-------- STORED DATA

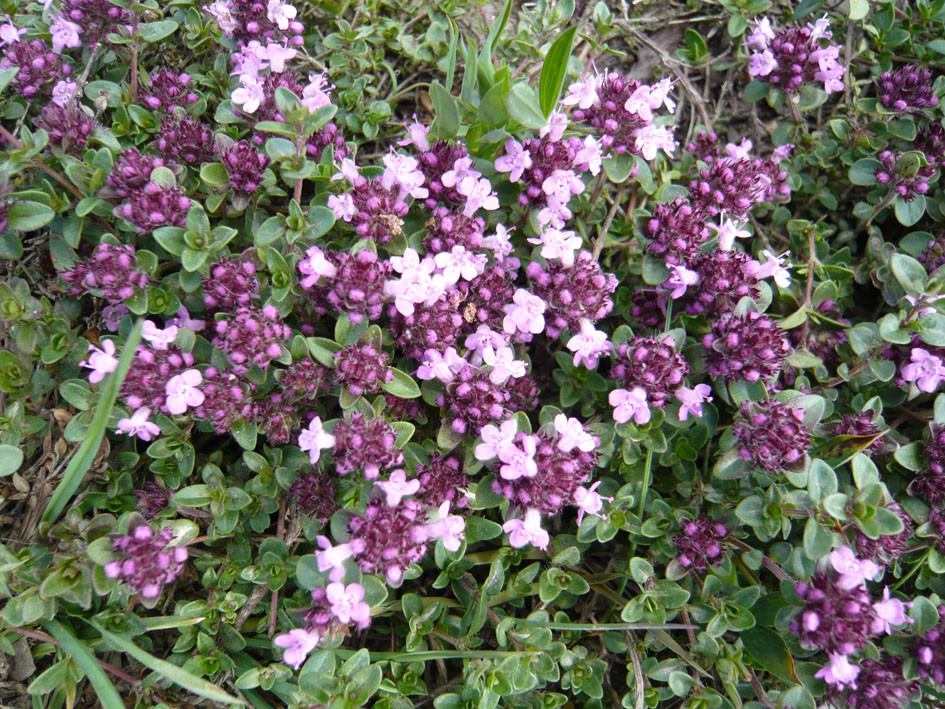 Plein de fleurs!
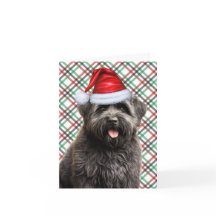 Bouvier Christmas Dog Green Red Xadrez Natal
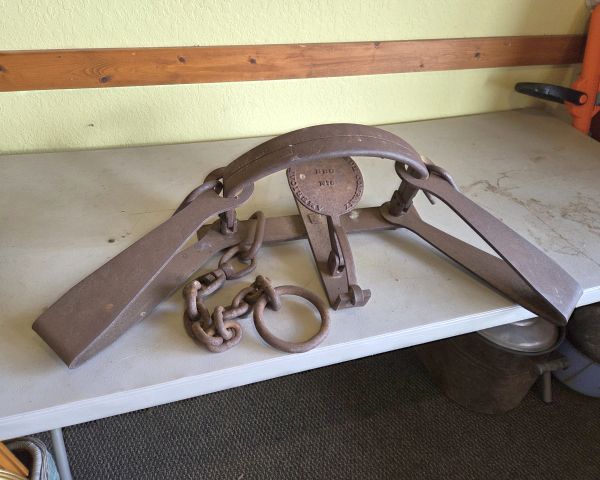 Auction listing photo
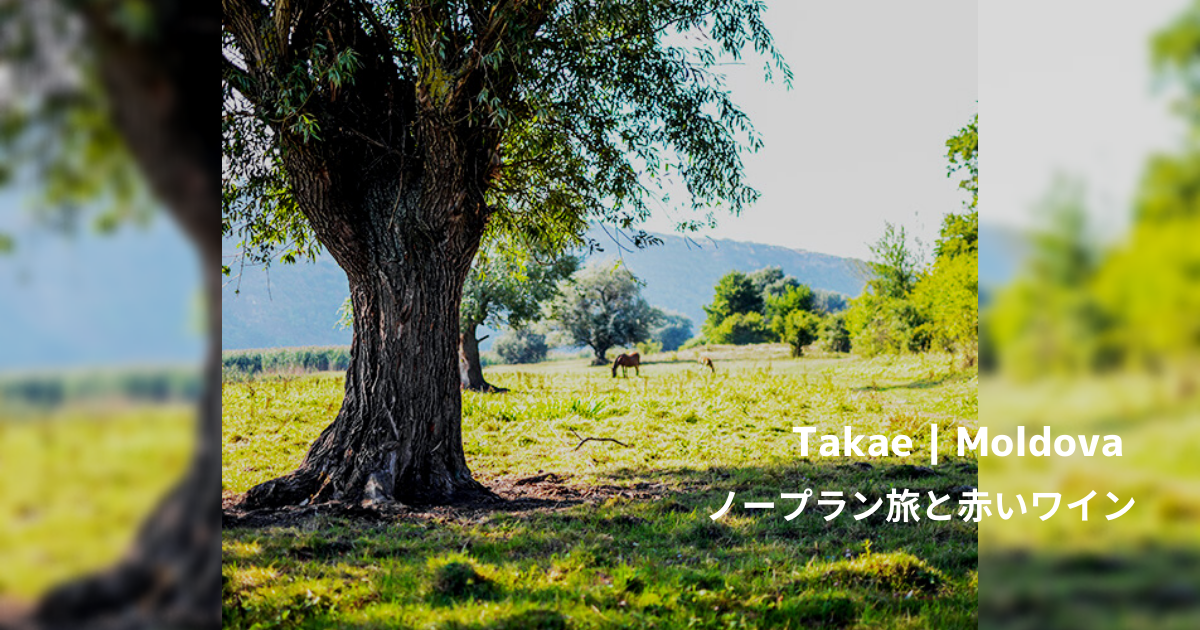【旅ブログ】モルドバ|Takae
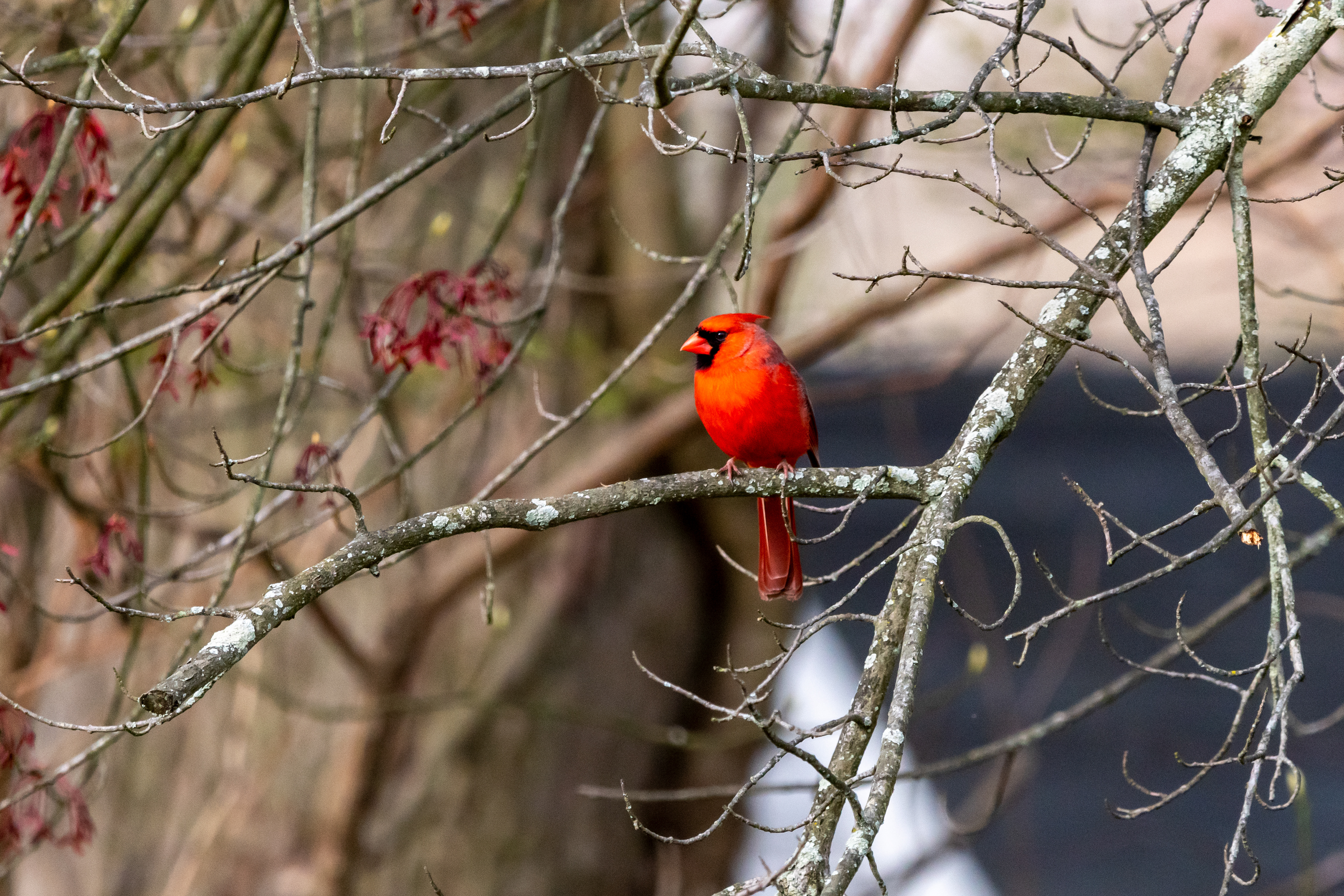 Cardinal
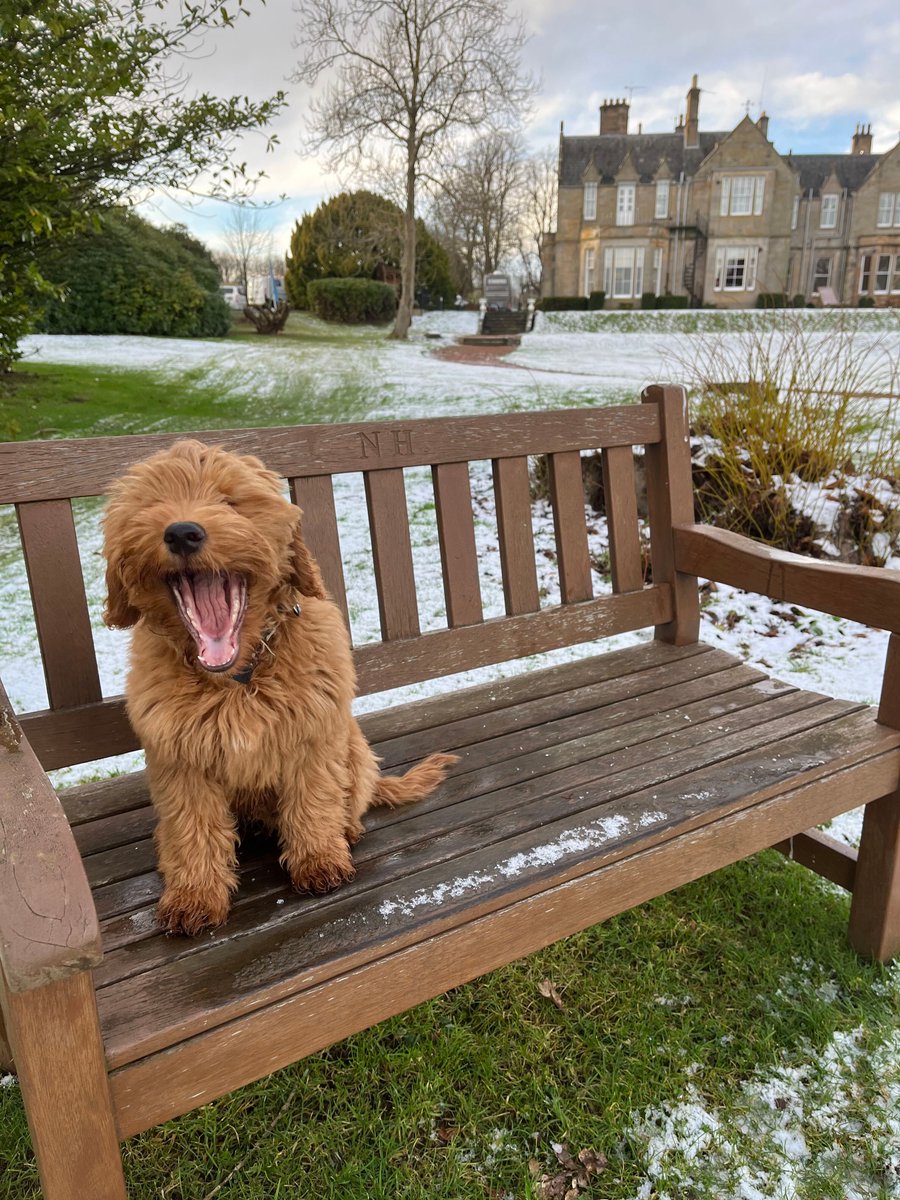 hp_hotels's tweet photo. Big smiles to see #snow on the forecast not just here at Norton House Hotel & Spa, but in lots of places! #dogsofhandpicked #dogfriendlyhotel https://t.co/I37ViOsktn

----------------

### EXERCISE GOAL
Aside from its pictures, the listing must be given again in full, exactly as it appears.

### REPLY
 Plein de fleurs!
 Bouvier Christmas Dog Green Red Xadrez Natal
 Auction listing photo
【旅ブログ】モルドバ|Takae
 Cardinal
 hp_hotels's tweet photo. Big smiles to see #snow on the forecast not just here at Norton House Hotel & Spa, but in lots of places! #dogsofhandpicked #dogfriendlyhotel https://t.co/I37ViOsktn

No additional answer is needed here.